I want to create a process to transfer files from EC2 / EFS, to Glacier - but with compression. Say there are directories with timestamps down to the hour. Every hour, I want a process that checks for directories older than 24 hours (configured), will zip-up the files in that directory, and move the zip-file to Glacier (and both the files and zipfile, deleted). Plus, high-reliability, some kind of failure/retry logic.

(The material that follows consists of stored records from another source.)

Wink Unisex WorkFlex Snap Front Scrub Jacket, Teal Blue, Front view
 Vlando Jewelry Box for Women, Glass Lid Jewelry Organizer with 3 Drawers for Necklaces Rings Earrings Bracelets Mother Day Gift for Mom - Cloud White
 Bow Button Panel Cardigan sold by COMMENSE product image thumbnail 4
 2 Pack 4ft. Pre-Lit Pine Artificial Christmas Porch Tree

And ideally, that uses an existing tool, or doesn't require a lot of external coding/logic.
I've found a lot of tools that almost do this:
- AWS DataSync - moves files reliably - but no option to add compression
- AWS DataPipeline - transfers files with logic - but doesn't support EFS? (Or Glacier, but I suppose I could move the files to S3, with a transfer to Glacier).
- some hybrid solution, like
- AWS DataSync with a cronjob that does the zip-file - but what about retries?
- AWS StepFunction Workflows running a Task on the EC2 box where EFS is mounted
One tool that I'm fairly sure would do it, is Apache-AirFlow
, which does workflows - but that requires a lot of manual coding, and I'm not sure if AWS StepFunctions would be the same result anyway.
It seems like this should be a solved-problem - schedule and compress a directory of files, move it to Glacier (with retry-logic) - but I haven't found any really clean solutions yet. Is there something I'm missing?